Each line below with the string "культуры" should be copied.

________

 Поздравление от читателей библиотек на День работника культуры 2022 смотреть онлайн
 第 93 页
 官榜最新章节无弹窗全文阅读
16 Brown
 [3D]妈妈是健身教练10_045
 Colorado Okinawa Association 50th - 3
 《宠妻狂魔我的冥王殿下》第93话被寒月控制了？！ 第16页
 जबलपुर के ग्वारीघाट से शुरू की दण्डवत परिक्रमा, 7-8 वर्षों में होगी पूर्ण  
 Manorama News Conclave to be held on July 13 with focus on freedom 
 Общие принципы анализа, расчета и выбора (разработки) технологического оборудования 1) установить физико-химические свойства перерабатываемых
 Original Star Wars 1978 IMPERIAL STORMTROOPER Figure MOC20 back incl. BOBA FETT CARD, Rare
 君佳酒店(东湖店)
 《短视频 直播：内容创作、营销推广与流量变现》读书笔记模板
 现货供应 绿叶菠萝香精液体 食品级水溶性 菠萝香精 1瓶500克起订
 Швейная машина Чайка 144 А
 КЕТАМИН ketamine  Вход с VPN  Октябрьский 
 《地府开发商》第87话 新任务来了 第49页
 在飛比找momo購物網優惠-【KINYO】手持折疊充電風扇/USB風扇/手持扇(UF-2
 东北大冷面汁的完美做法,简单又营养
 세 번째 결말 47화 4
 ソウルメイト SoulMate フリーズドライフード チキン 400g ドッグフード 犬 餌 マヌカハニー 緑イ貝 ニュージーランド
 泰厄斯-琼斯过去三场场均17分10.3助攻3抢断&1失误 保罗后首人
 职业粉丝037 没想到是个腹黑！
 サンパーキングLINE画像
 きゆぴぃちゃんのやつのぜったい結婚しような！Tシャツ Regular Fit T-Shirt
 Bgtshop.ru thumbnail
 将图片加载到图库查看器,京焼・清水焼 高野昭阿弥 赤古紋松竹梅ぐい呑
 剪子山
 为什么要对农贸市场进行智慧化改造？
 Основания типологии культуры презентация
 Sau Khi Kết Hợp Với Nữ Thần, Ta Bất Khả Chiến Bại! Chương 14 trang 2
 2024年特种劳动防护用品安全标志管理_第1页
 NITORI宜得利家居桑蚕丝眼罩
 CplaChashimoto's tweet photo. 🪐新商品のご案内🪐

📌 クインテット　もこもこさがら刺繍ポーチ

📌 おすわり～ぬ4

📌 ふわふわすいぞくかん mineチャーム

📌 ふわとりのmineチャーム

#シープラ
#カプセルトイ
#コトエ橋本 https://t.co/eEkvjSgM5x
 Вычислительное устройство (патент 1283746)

________

▶ [RESPONSE FOR THIS EXERCISE]
 Поздравление от читателей библиотек на День работника культуры 2022 смотреть онлайн
 Основания типологии культуры презентация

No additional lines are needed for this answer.